Address Poisoning Scam Drains $12.25 Million in ETH from Single Victim

A chilling new scam tactic just claimed its biggest victim yet—a single crypto holder out $12.25 million in Ethereum.
The Bait-and-Switch You Won't See Coming
Forget fake websites or hacked smart contracts. This method, dubbed 'address poisoning,' preys on muscle memory and haste. Scammers generate a wallet address that mirrors the first and last few characters of a target's legitimate, frequently-used address. They then send a tiny, worthless transaction to the victim, planting the fraudulent address in their transaction history.
The Cost of a Single Click
When the victim goes to send funds later, they glance at their history, see the familiar-looking address, and copy it—sending their fortune directly to the scammer's wallet. It's a digital sleight of hand that bypasses nearly all security checks, turning routine transactions into catastrophic losses.

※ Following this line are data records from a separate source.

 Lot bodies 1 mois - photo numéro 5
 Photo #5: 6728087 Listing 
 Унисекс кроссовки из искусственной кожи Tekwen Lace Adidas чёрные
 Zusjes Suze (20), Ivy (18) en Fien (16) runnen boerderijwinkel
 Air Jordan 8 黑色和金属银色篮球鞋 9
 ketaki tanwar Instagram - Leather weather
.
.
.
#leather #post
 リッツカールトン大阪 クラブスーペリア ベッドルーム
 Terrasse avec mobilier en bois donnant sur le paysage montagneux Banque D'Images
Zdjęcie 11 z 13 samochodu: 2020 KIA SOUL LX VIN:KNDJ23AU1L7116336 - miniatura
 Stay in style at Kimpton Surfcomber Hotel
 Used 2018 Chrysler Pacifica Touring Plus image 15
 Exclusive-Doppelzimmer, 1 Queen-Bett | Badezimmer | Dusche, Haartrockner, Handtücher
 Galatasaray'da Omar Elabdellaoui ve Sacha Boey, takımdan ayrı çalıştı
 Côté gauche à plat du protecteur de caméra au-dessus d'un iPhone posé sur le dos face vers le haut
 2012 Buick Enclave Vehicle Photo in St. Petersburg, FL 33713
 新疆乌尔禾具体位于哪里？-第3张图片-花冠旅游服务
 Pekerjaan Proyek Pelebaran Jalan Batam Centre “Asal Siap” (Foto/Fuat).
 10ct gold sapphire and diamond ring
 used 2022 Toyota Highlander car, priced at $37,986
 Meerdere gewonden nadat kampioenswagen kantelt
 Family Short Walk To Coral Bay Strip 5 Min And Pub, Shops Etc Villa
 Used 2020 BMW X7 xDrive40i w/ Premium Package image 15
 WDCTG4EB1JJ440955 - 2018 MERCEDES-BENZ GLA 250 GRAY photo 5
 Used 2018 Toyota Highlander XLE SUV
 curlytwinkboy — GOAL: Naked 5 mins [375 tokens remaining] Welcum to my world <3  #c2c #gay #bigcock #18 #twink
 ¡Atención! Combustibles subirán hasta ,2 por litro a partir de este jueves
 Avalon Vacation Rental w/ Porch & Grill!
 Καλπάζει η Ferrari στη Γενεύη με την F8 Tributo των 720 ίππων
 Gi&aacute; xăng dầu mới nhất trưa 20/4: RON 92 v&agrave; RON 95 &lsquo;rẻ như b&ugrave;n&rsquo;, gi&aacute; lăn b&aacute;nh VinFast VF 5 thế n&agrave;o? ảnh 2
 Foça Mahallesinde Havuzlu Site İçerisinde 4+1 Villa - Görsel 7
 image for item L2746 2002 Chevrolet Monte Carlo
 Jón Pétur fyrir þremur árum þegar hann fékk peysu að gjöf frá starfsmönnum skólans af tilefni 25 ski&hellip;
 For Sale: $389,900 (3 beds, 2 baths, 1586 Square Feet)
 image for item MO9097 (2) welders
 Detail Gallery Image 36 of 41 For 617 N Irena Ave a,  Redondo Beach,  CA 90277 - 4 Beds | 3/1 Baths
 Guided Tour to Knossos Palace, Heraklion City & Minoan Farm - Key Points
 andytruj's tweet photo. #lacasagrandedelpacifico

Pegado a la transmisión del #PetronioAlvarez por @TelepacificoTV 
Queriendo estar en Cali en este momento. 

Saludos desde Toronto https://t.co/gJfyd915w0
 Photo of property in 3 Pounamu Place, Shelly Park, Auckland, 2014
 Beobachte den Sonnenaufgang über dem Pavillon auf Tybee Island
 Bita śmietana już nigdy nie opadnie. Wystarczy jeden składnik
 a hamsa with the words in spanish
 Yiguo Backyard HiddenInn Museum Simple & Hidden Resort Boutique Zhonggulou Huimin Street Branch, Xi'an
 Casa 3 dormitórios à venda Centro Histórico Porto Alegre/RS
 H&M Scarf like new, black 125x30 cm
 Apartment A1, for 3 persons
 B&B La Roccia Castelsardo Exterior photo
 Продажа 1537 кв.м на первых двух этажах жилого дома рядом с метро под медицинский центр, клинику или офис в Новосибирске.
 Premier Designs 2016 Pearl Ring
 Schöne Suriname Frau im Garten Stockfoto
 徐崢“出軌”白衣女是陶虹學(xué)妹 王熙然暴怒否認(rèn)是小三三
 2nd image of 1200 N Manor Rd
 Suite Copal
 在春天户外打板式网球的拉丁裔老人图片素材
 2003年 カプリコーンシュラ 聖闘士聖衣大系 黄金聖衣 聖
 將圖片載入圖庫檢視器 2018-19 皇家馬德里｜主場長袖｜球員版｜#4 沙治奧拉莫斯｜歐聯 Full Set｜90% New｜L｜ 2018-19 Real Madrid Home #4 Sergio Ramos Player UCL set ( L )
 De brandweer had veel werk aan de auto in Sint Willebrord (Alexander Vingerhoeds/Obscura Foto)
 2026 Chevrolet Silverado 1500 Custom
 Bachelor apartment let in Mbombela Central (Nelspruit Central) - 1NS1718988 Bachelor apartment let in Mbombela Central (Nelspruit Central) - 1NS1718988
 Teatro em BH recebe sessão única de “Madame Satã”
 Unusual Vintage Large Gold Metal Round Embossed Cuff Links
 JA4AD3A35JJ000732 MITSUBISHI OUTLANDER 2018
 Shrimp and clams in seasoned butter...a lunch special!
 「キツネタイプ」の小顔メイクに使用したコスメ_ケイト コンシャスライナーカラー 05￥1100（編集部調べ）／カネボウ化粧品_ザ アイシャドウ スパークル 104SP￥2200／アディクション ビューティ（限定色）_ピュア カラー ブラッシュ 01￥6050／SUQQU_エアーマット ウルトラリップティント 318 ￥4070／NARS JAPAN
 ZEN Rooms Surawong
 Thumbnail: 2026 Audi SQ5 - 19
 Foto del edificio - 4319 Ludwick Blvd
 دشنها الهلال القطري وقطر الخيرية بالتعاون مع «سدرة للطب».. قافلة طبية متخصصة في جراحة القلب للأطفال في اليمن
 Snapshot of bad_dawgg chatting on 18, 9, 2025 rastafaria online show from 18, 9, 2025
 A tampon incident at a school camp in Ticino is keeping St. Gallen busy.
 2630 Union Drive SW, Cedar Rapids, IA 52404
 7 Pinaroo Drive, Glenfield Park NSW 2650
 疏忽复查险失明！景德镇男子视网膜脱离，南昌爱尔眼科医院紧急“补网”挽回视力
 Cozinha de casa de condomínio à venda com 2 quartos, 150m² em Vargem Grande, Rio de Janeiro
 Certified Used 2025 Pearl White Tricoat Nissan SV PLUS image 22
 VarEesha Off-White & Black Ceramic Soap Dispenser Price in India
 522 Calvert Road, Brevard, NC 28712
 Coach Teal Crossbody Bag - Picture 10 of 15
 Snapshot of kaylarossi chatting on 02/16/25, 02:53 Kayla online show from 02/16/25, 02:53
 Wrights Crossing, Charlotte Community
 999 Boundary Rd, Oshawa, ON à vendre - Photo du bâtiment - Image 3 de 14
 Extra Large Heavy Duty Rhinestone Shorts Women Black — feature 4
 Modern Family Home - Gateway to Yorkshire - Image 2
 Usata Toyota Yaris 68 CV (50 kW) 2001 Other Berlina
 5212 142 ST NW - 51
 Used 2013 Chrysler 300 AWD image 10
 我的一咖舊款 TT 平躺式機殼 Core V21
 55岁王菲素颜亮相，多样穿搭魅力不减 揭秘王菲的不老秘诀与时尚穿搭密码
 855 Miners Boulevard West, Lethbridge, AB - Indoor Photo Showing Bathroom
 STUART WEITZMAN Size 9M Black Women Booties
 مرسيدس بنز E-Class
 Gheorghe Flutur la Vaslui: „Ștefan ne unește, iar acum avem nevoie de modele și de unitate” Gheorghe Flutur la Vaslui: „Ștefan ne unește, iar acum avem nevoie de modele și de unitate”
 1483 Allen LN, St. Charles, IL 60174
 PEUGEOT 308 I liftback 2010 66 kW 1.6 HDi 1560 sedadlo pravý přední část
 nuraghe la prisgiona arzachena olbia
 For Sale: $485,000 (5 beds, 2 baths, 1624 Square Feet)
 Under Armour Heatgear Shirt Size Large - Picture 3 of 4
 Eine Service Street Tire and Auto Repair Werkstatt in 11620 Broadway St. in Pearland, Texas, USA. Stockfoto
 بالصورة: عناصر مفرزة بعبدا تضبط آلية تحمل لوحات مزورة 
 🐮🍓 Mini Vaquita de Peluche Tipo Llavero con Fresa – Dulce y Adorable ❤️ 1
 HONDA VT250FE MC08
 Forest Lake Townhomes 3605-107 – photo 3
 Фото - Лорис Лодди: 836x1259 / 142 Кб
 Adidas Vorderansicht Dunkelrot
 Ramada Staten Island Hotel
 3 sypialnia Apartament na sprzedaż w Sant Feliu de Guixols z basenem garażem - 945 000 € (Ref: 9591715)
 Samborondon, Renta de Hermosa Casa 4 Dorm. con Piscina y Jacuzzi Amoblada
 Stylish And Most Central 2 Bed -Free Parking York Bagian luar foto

A $12.25 Million Wake-Up Call
The sheer scale of this single loss—$12.25 million—signals a dangerous escalation. It proves that even sophisticated, high-net-worth players are vulnerable to psychological tricks, not just technical exploits. The industry's relentless focus on moon-shot gains often overlooks the mundane vulnerabilities in its own plumbing.
So much for 'be your own bank'—sometimes the biggest threat isn't the system, but the person in the mirror hastily clicking 'confirm.' A cynical reminder that in crypto, the most advanced financial technology in the world still can't fix human error. The next bull run will mint new millionaires, and a fresh crop of scammers is already sharpening their tools.
How do scammers use ‘address poisoning’ to steal millions?
Overall, there has been a record-breaking surge in crypto theft, including a nearly $50 million loss in December 2025 and over 1 million poisoning attempts being detected every day on the ethereum network.
The victim, using the address 0xd6741220a947941bF290799811FcDCeA8AE4A7Da, intended to send funds to a legitimate contact. However, they unknowingly copied a “poisoned” address from their transfer history.
The scammer’s address (0x6d9052b2DF589De00324127fe2707eb34e592e48) was specifically designed to look like the correct one (0x6D90CC8Ce83B6D0ACf634ED45d4bCc37eDdD2E48).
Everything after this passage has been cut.